EXCERPTED RECORDS:
Segment Open

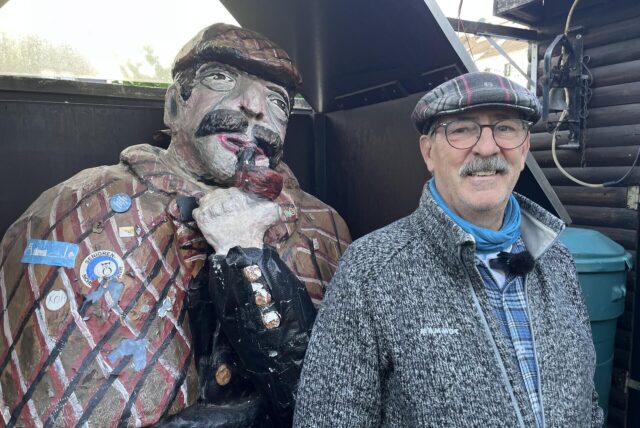 Figur des Sherlock Holmes im Garten neben Andreas Dickel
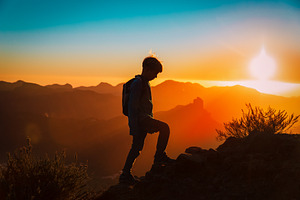 child in sunset mountains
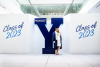 Woman in regalia standing in front of a giant blue Y with Class of 2023 written on wall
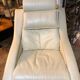 White leather armchair and ottoman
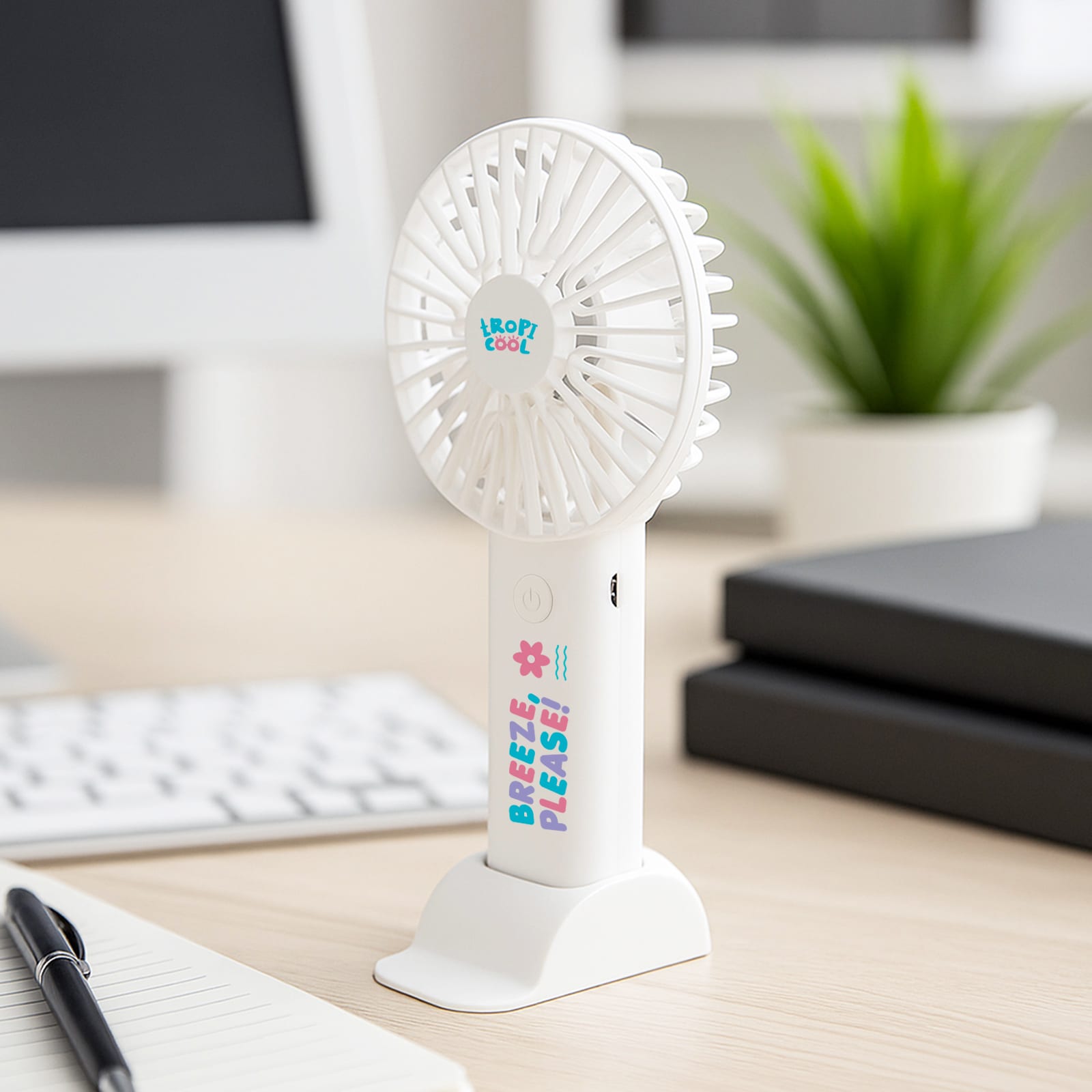 A white handheld fan with a base, featuring a logo and colourful text, placed on a desk near greenery and office supplies. Heatwave Fan - Image 1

Segment Closed

EXERCISE INSTRUCTIONS:
Return the material above verbatim. Pictures are to be excluded.

RESULT FOR THIS TASK:
 Figur des Sherlock Holmes im Garten neben Andreas Dickel
 child in sunset mountains
 Woman in regalia standing in front of a giant blue Y with Class of 2023 written on wall
 White leather armchair and ottoman
 A white handheld fan with a base, featuring a logo and colourful text, placed on a desk near greenery and office supplies. Heatwave Fan - Image 1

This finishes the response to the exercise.